To make matters worse, the legacy of Barack Obama is in serious jeopardy from his landmark legislation, Obamacare, to the foreign policy of a weakened, more humble America. There is little time to reset the image of the Democratic Party before midterm elections in 2018.
It’s no secret to liberal Democrats that a GOP Congress is hell-bent on rolling back President Obama’s accomplishments. Is that what the American people were saying with the November election? Have the voters of this country begun a rejection of the liberal slant the nation has been gravitating towards?
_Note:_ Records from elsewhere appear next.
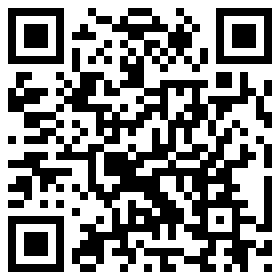 qrcode für LENOVO ISG ThinkSystem SR650 V3 x16/x16/E PCIe Gen5 Riser 1/2 Option Kit v2 - 4XH7A91475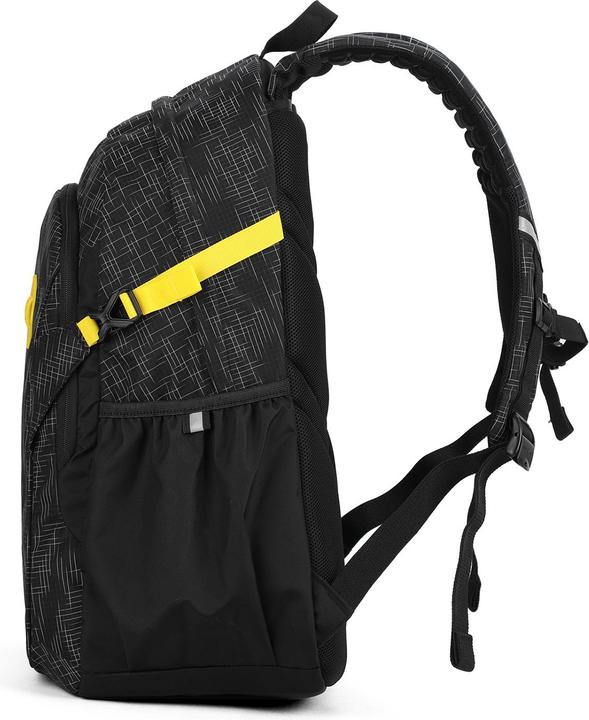 Produktbild Aoking Rucksack (6.93 l)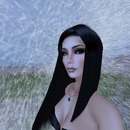 Thumb 514b407ce9cdca3df6000001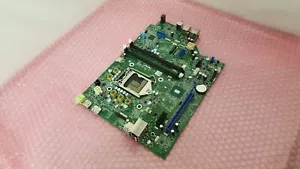 Placa madre Dell OptiPlex 3050 SFF LGA1151 DDR4 PCI-E 08 NPPY 8NPPY - Imagen 1 de 6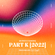 @DJOneF Mix: Part K [2022] / [Remixes & Mashups] image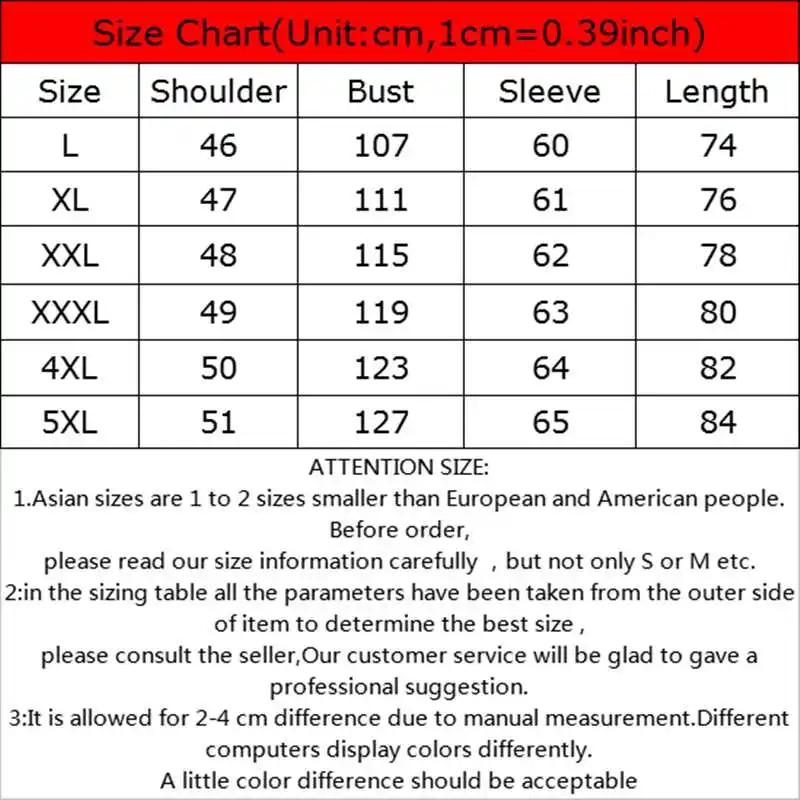 

AKOOSUN 90%Duck Down Jacket Men Wool Fur Collar Parka Winter Jacket Plus Size Jacket Parkas Winterjas Heren YT6107140- MY1394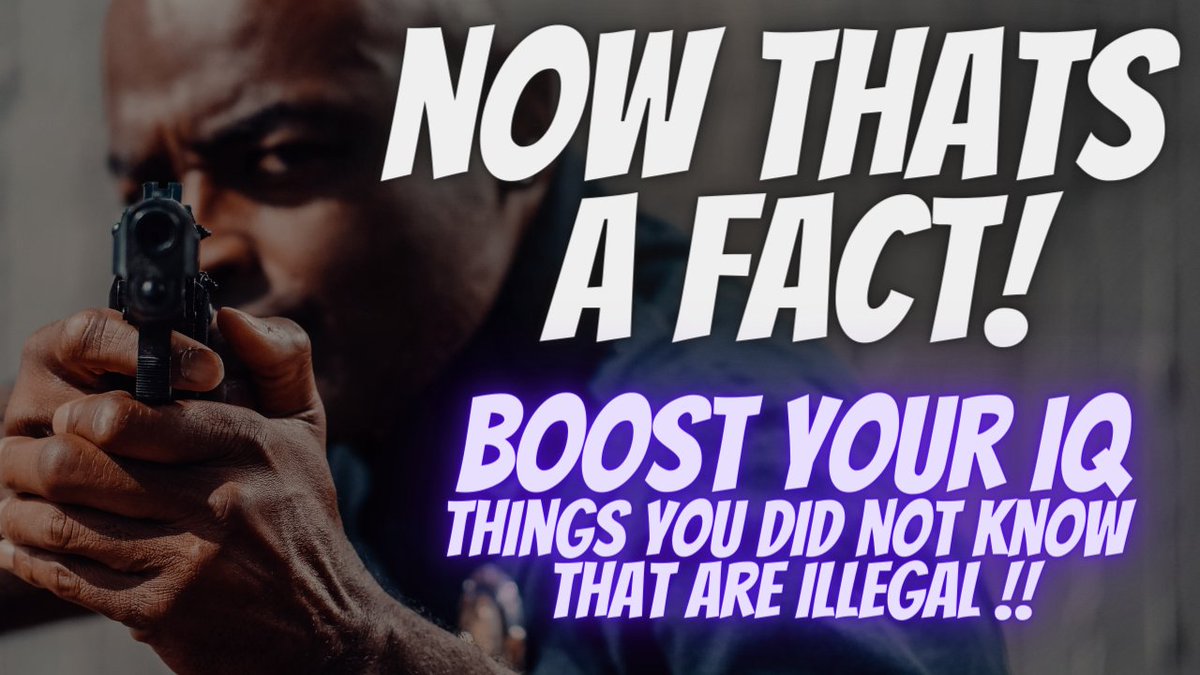 Byll Choudry tweet media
Many Democratic donors still feel burned by the party’s 2016 election losses and what they see as dysfunction in the DNC, which will elect a new leader in February. Their last two choices, an embittered and openly Hillary Clinton supporter, Rep. Debbie Wasserman Schultz and the interim DNC chairwoman, Donna Brazille, who was caught handing debate questions to Clinton during the debates.
If this is not disastrous enough for the big-spending contributors, many of their names were released in the WikiLeaks hack of Democratic National Committee emails, believed to have come at the hands of Russian intelligence. Many anonymous contributors now feel they have a target on their back with the upcoming Trump administration.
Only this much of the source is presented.